Waging war on labor unions, taking away public employees' collective bargaining rights? Check.

Cutting funds for Planned Parenthood? Check.

Rolling back equal pay protections for women? Check.

So where does this blueprint leave us?

Wisconsin is now dead last in the nation, according to the Bureau of Labor Statistics, for job loss.

Between January 2011 and January 2012, while 44 states and the nation as a whole were adding jobs, Wisconsin was one of only six states to lose jobs--and Wisconsin's job loss was the worst among that handful of losers.

In its latest jobs report, the Bureau of Labor Statistics reports that Wisconsin shed 23,900 jobs between March 2011 and March 2012. Wisconsin was the only state with a statistically significant percentage change in employment to report a net loss, the report stated.

The jury is in. The GOP's trickle-down policies have failed in Wisconsin.

Walker came into office promising to add 250,000 new jobs in the state during his first term in office. Instead, month after month, Wisconsin has suffered job losses, finally drifting to the very bottom.

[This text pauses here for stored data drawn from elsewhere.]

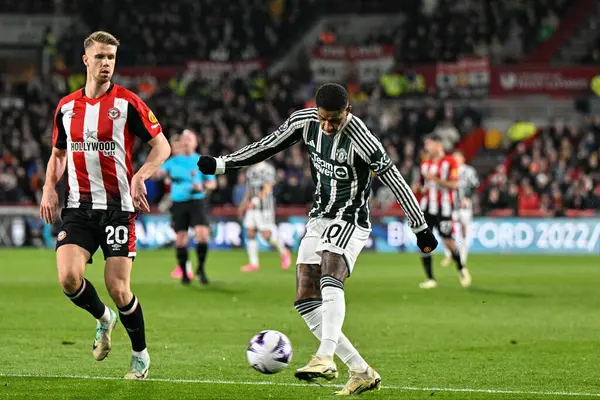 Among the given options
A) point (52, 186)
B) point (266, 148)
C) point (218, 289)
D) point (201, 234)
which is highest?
point (266, 148)

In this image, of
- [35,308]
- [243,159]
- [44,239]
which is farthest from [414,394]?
[44,239]

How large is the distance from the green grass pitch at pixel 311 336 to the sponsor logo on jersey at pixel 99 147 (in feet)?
5.38

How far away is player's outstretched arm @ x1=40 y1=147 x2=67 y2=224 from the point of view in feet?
27.1

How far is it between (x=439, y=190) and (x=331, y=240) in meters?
10.2

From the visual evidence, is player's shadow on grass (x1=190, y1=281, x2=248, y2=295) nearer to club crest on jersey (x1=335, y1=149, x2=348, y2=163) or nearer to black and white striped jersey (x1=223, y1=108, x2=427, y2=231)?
black and white striped jersey (x1=223, y1=108, x2=427, y2=231)

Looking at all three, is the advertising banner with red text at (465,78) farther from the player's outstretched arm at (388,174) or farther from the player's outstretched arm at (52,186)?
the player's outstretched arm at (388,174)

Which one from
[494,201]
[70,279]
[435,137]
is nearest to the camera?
[70,279]

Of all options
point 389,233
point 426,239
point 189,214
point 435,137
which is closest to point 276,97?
point 389,233

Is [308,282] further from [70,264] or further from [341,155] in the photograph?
[70,264]

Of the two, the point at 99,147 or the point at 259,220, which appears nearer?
the point at 99,147

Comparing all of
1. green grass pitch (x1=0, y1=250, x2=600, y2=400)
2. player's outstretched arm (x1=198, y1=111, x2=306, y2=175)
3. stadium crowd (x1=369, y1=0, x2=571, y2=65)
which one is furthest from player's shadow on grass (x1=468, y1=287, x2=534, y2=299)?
stadium crowd (x1=369, y1=0, x2=571, y2=65)

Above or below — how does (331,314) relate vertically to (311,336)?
above

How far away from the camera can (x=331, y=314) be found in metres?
7.55

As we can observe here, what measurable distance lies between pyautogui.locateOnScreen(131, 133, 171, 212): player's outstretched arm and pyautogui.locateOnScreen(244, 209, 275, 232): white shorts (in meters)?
13.2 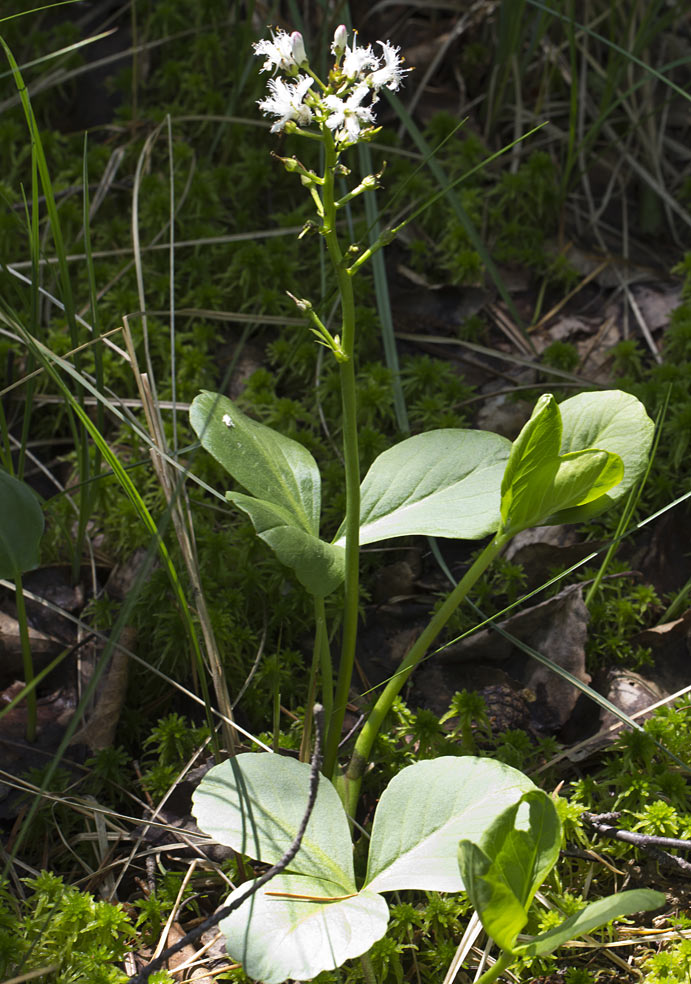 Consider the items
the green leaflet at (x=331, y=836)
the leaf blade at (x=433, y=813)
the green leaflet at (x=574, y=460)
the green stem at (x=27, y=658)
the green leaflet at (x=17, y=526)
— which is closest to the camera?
the green leaflet at (x=331, y=836)

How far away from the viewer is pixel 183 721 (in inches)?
86.8

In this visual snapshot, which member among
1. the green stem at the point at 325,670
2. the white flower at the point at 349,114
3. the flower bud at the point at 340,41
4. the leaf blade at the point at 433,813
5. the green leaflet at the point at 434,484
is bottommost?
the leaf blade at the point at 433,813

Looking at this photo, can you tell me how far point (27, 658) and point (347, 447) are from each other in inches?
36.7

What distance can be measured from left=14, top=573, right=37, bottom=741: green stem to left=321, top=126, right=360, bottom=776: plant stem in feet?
2.33

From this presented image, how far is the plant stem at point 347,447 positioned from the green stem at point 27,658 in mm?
710

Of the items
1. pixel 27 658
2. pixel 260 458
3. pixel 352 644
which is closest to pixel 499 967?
pixel 352 644

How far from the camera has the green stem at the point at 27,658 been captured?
6.59ft

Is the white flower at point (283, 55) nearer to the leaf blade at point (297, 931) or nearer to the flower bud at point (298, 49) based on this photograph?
the flower bud at point (298, 49)

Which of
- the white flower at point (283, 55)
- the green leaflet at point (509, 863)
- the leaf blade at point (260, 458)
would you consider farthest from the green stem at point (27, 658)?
the white flower at point (283, 55)

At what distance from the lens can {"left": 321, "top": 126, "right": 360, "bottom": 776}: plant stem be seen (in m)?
1.64

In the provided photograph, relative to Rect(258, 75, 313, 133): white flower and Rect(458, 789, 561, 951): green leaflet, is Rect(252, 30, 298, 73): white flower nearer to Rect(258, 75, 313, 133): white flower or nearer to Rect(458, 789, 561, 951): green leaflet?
Rect(258, 75, 313, 133): white flower

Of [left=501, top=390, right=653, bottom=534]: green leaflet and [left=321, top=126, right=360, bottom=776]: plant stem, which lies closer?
[left=321, top=126, right=360, bottom=776]: plant stem

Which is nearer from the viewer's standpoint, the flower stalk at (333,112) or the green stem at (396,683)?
the flower stalk at (333,112)

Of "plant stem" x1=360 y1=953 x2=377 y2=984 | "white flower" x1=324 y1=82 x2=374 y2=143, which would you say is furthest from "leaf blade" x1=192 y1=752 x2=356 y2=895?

Worse, Walker's policies have set the state up for an even bleaker future.

One of the first things Walker did as governor was to eliminate the apprenticeship program for African Americans in Milwaukee who wanted to get into a trade.

His 30 percent cuts to the state's vocational and technical colleges have created long waiting lists for training programs in the skilled trades--for the kinds of jobs that attract employers and lead to stable, well-paid employment.

Just when Milwaukee thought that the Talgo corporation was going to create 500 new jobs in the inner city to make train cars for the high-speed rail line originally envisioned by former Republican Gov. Tommy Thompson, Walker killed the plan, turning away $810 million in federal money that was already allocated. Other states, including neighboring Illinois, took that money instead.

Walker's historic $1.8 billion in cuts to the state's top-tier public school system aims, ironically, aims directly at one of the biggest assets the state advertisers to employers.

The web site for Forward Wisconsin, the nonprofit corporation established to market Wisconsin to companies that might want to locate here, promotes the state's high-quality public schools and highly trained teachers as Wisconsin's number-one selling point.

The targets of Walker's austerity budget-- infrastructure, education, and job training--are the very areas of public investment that support a strong economy and a well-paid workforce.

Steven Deller, a professor of applied economics at the University of Wisconsin, who studied the ripple effects of Walker's budget as well as the attack on public employees' collective bargaining rights, projected that the plans would mean job losses for years into the future.

Perhaps most telling is the contrast between Wisconsin and Illinois, its nearest neighbor to the south, which passed the biggest business and personal income tax increases in the nation in January.

In a speech on April 17 in Springfield, Walker chided the tax-and-spend liberalism of Illinois Governor Pat Quinn, saying that, by taxing corporations, the state was going to lose jobs. “When you raise taxes on businesses, that wealth and opportunity and those jobs more often than not go somewhere else.”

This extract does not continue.